The Estonian cyberattacks can teach us a lot about the consequences of cyberwarfare. The ‘zombie computers’ that were used in the Estonian attacks were based in 50 different countries; each of these countries, in turn have specific laws regarding the nature of hacking and cyberwar. This is why countries, as well as private and public technology sectors must unite to establish a global convention to prevent cyberwarfare.
In 2015, a group of government policy analysts from China, Russia and the U.S. at the United Nations, published a report arguing for peaceful resolutions regarding cyberwarfare. The report included the notion that states should not intentionally damage critical infrastructure or interfere with a country’s cyber emergency responders. These types of policies are crucial to forming a global consensus on how to prevent or stop a cyberwar from occurring. Nonetheless, often countries will not take responsibility for their citizens if they are accused of ‘cyberwarfare’ or ‘hacking’ as seen with the example of the Russian government. Thus, many experts have considered making countries directly accountable if a cyberattack has been made by their citizens, even if the attacker’s identity cannot be known.
Greg Rattray, a former director of cybersecurity at the National Security Council has suggested that governments need to cooperate with the private sector to rid computers of viruses and malicious software developed by ‘cybergangs.’ Building secure infrastructure that can resist cyberattacks is also key to preventing these sorts of attacks. Along with nuclear weapons and biological attacks, cyberwarfare is one of the major threats of the 21st century.
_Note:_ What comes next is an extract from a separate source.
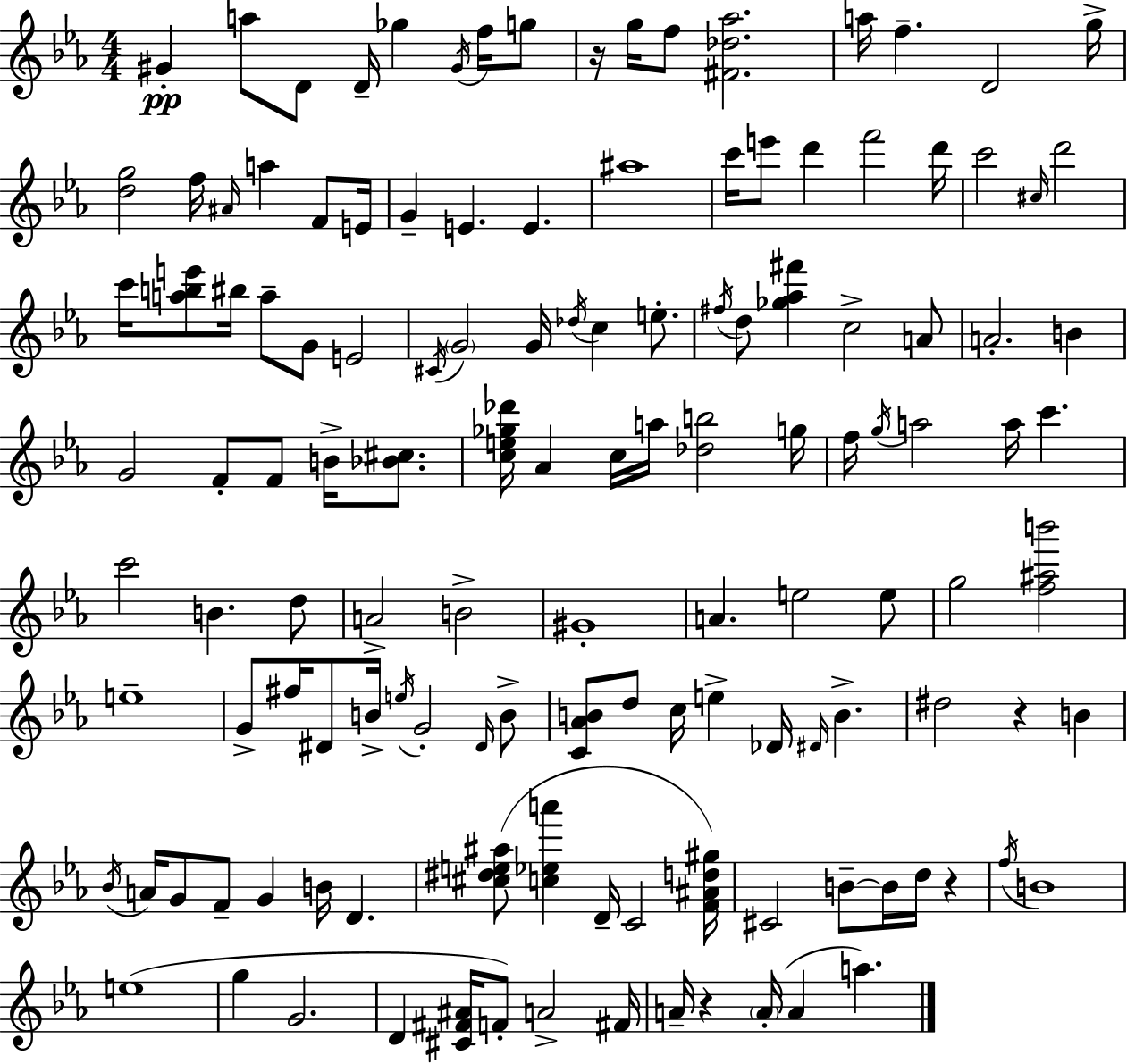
G#4/q A5/e D4/e D4/s Gb5/q G#4/s F5/s G5/e R/s G5/s F5/e [F#4,Db5,Ab5]/h. A5/s F5/q. D4/h G5/s [D5,G5]/h F5/s A#4/s A5/q F4/e E4/s G4/q E4/q. E4/q. A#5/w C6/s E6/e D6/q F6/h D6/s C6/h C#5/s D6/h C6/s [A5,B5,E6]/e BIS5/s A5/e G4/e E4/h C#4/s G4/h G4/s Db5/s C5/q E5/e. F#5/s D5/e [Gb5,Ab5,F#6]/q C5/h A4/e A4/h. B4/q G4/h F4/e F4/e B4/s [Bb4,C#5]/e. [C5,E5,Gb5,Db6]/s Ab4/q C5/s A5/s [Db5,B5]/h G5/s F5/s G5/s A5/h A5/s C6/q. C6/h B4/q. D5/e A4/h B4/h G#4/w A4/q. E5/h E5/e G5/h [F5,A#5,B6]/h E5/w G4/e F#5/s D#4/e B4/s E5/s G4/h D#4/s B4/e [C4,Ab4,B4]/e D5/e C5/s E5/q Db4/s D#4/s B4/q. D#5/h R/q B4/q Bb4/s A4/s G4/e F4/e G4/q B4/s D4/q. [C#5,D#5,E5,A#5]/e [C5,Eb5,A6]/q D4/s C4/h [F4,A#4,D5,G#5]/s C#4/h B4/e B4/s D5/s R/q F5/s B4/w E5/w G5/q G4/h. D4/q [C#4,F#4,A#4]/s F4/e A4/h F#4/s A4/s R/q A4/s A4/q A5/q.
Therefore, in order for cyberwarfare to be mitigated, a compromise needs to be made with global diplomatic talks and constructing technologies that will prevent or deter any potential cyberattacks. At the moment, it does not seem like one solution would work better than the other. Rather, both strategies need to be put into effect. This also leads to the argument about whether governments or the private technology sector are the best to control cyberwarfare. Can governments be trusted to negotiate their own cyber-laws? Microsoft’s Brad Smith has suggested that: “Cyberspace is owned and operated by the private sector… it is private property, whether it is submarine cables or data centers or servers or laptops or smart phones.” Smith explained that the private sector is therefore the first to respond to cyberattacks, with Microsoft itself spending billions of dollars on cybersecurity. Technology companies need to act like a ‘Digital Red Cross’ and offer technical assistance to one another once a ‘Digital Geneva Convention’ has been established.
Nonetheless, Smith still points out that governments need to take the initiative to establishing cybersecurity laws. Smith said, “But consider this: For over two thirds of a century, the world’s governments have been committed to protecting civilians in times of war. But when it comes to cyberattacks, nation-state hacking has evolved into attacks on civilians in times of peace.”
In a world that relies on crucial technologies and infrastructure at various political, societal and economic levels, cyberwarfare is a real threat. The cyberwarfare of the future can extend to advanced weaponry and scenarios that would not distinguish between civilians and the military, such as power grid outages and drone-led cyberattacks. Governments need to establish international treaties and work alongside technology companies to establish secure infrastructure and software, and protect civilians.